Interferometric modulator display (IMOD) applications in consumer electronics (primarily displays for mobile devices), used to create interferometric modulation − reflective display technology as found in mirasol displays

Fluid acceleration such as for micro-cooling

Micro-scale energy harvesting including piezoelectric, electrostatic and electromagnetic micro harvesters.

Micro machined ultrasound transducers.

VI Current Challenges:-

Some of the obstacles facing organizations in the development of MEMS and Nanotechnology devices include

a) Access to fabrication: - Most organizations who wish to explore the potential of MEMS and Nanotechnology have little or no internal resources for designing, prototyping, or manufacturing devices, as well as little to no expertise among their staff in developing these technologies. Few organizations will build their own fabrication facilities or establish technical development teams because of the prohibitive cost. Therefore, these organizations will benefit greatly from the availability of MNX’s fabrication services, which offers its customers affordable access to the best MEMS and Nano fabrication technologies available.

b) Packaging:- MEMS packaging is more challenging than IC packaging due to the diversity of MEMS devices and the requirement that many of these devices need to be simultaneously in contact with their environment as well as protected from the environment. Frequently, many MEMS and Nano device development efforts must develop a new and specialized package for the device to meet the application requirements. As a result, packaging can often be one of the single most expensive and time consuming tasks in an overall product development program. The MNX staffs are experts in packaging solutions for devices for any application.
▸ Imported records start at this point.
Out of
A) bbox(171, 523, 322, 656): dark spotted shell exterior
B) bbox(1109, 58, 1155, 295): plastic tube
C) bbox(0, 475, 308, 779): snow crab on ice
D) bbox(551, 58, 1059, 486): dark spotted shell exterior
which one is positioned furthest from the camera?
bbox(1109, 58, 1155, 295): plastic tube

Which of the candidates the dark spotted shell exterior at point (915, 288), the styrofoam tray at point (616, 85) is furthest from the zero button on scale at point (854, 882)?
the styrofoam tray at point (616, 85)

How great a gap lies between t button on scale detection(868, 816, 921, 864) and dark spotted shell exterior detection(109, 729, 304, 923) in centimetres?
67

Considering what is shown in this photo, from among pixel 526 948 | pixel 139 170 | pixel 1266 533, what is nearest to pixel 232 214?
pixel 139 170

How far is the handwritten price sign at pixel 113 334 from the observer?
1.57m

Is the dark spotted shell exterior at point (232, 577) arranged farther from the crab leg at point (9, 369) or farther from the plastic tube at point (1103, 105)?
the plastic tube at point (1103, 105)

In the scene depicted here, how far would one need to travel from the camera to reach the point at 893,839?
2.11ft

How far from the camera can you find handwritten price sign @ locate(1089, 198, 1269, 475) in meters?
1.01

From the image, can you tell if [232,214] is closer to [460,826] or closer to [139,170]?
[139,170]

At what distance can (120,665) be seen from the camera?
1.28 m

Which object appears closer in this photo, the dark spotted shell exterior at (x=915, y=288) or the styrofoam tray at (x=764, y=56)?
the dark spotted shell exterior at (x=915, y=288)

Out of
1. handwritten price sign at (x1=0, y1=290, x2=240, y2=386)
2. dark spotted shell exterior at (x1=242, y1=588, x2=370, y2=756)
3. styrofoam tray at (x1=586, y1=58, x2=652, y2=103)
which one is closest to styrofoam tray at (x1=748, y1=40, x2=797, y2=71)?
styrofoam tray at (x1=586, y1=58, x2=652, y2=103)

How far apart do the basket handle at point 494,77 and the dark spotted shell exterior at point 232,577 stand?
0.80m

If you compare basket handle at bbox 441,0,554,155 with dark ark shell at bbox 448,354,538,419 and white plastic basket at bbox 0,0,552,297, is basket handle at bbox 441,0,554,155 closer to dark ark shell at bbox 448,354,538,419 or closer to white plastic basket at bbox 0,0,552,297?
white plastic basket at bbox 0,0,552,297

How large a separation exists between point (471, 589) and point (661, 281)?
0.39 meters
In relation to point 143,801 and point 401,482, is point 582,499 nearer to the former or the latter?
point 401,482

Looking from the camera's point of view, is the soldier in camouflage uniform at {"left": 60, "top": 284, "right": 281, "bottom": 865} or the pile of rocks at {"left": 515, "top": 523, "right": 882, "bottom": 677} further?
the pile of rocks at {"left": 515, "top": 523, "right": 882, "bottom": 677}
c) Fabrication Knowledge Required: - MEMS device developers must have a high level of fabrication knowledge and practical experience coupled with a significant amount of innovative engineering skill in order to create and implement successful device designs. Often the development of even the most mundane MEMS device requires very specialized skills. Without this expertise and knowledge, at best device development projects can cost far more and take much longer. At worst, they can result in failure. The MNX has more expertise and knowledge in device design and fabrication than anyone in the world. 

VII Future of the MEMS:-

The future of MEMS is rich with commercial possibilities, including the trillions of MEMS sensors envisioned to be used as the eyes and ears of the Internet of Things (IoT); the future of MEMS also includes local MEMS-based environmental monitoring devices; deployments in the MEMS-enabled quantified self movement and in personalized medicine applications; MEMS-containing wearables; and MEMS-reliant drones and other small personal robots.